If the coalition wants to reduce NEETs, it should bring back EMA

Since the Education Maintenance Allowance was abolished, full-time attendance for 16-18-year-olds has fallen by 3.8 per cent.

"It should not be forgotten", wrote William Hazlitt in his classic essay On the Ignorance of the Learned, "that the least respectable character among modern politicians was the cleverest boy at Eton." This will never seem truer than from the discussion over the government’s plans to take benefits away from young people, only a week after an old Etonian proclaimed permanent austerity, and days after another says the super rich are a "put-on minority".

It seems perverse that when the number of NEETs in our country is larger than a city the size of Birmingham, the way to solve this problem is to further undermine them, while at the same time further enriching those whp benefit most from government policy.

What this represents is another crude right-wing attack on social security, portraying benefits not as part of a safety net to protect people, regardless of age, from market forces beyond their control, but as social stigma, handed down from on high to those deemed victims of their own fecklessness.

This unbalance in priorities is building up future costs. According to the government, the estimated cost across the lifetime of each 16-18 year old NEET equates to a £56,000 loss to the taxpayer, and a further £104,000 loss to the economy; and when combined and added up, the aggregate cost of all those classed as NEET is over £100bn.

Instead of talking tough on young people, the damage being done to them should be reconsidered. Evidence is slowly rising that austerity policies, such as the abolition Education Maintenance Allowance (EMA), were a grave mistake by this government. From the Department for Education’s own data, for the second year since the EMA was abolished at the end of 2010, full-time attendance for 16-18-year-olds has fallen by 3.8 per cent. This equates to over 52,100 fewer students lost from the education system, with a potential cost of £8.3bn added to the taxpayer and the economy if they go on to be NEET.

This is the equivalent of filling the House of Commons Chamber more than 80 times over. It is bigger than the student body of both Oxford and Cambridge combined. And if it was assembled in one straight line, it would reach from Nick Clegg’s house in Putney to the door of No. 10 Downing Street, and almost back again.

Of course, it is too soon to prove with certainty that this is due to the scrapping of EMA alone. But it does suggest that the government has dangerously undermined an entire age group through policies such as this.
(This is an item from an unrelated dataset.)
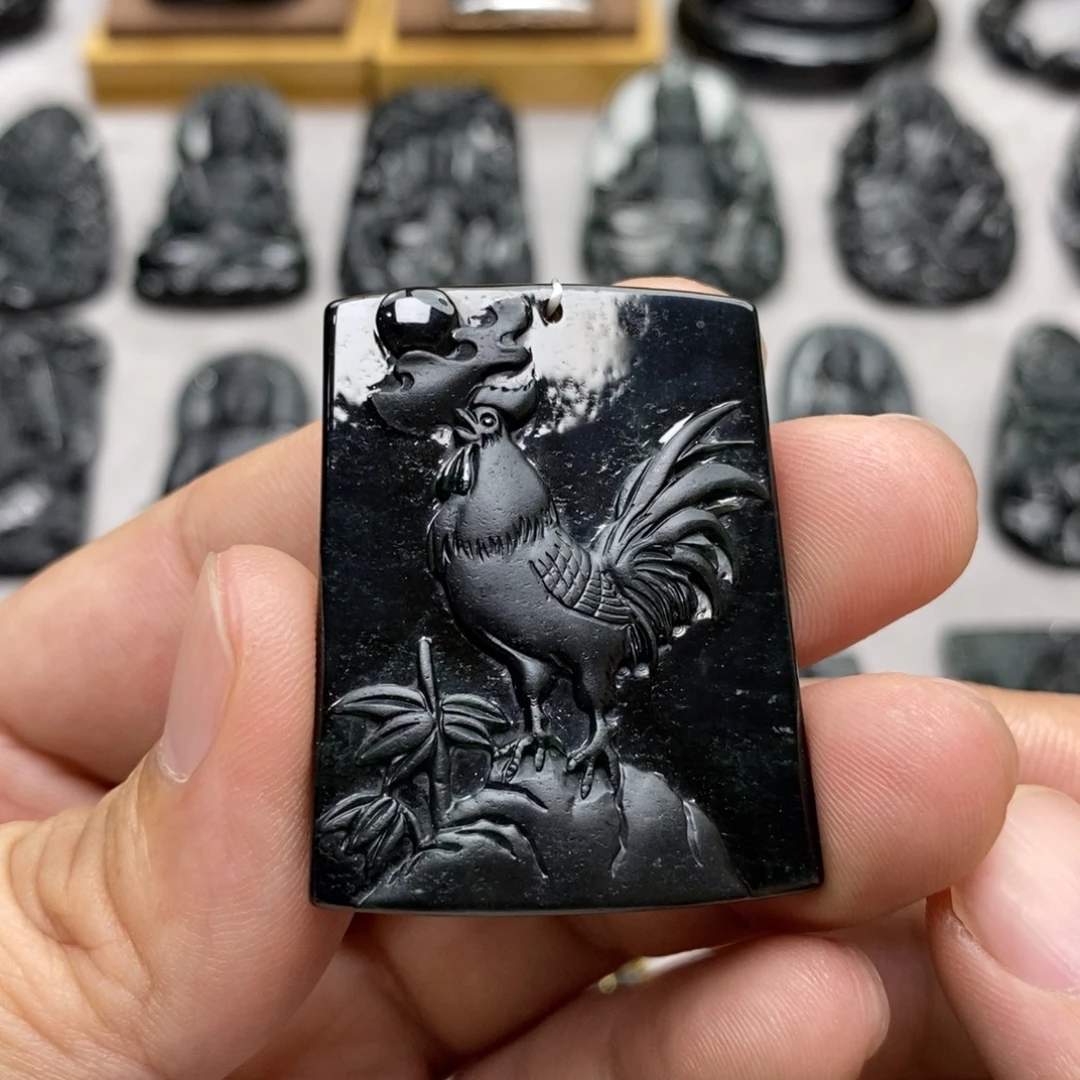 翡翠未镶嵌颈饰生肖鸡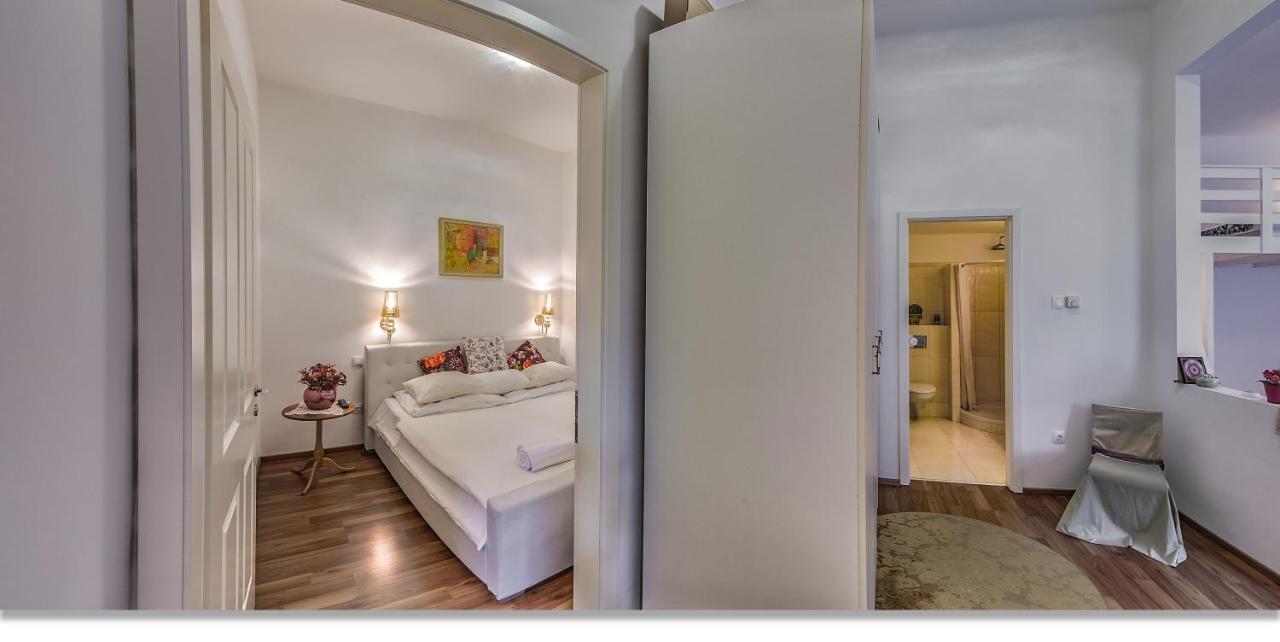 Julia'S Home Βουδαπέστη Εξωτερικό φωτογραφία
And it provides fertile ground for the proposals by IPPR to fix "the broken school-to-work transition" with a 'youth allowance' and 'youth guarantee'.

But the way in which the reforms are presented risks chastising young people for problems they did not create and letting the super rich off the hook. For example, one chilling suggestion in the IPPR report is the withdrawal of Employment and Support Allowance from disabled young people, forcing them to take a near 40% cut in their incomes by instead claiming the 'youth allowance'. This is done chiefly to save money. It could prove penny wise, but pound foolish, if it makes recipients hostile to the scheme. 

As for Cameron and Osborne, in the week we found NEETs remain a city-sized problem, they must show young people in the Autumn Statement that they are respectable characters - and not just clever boys from Eton.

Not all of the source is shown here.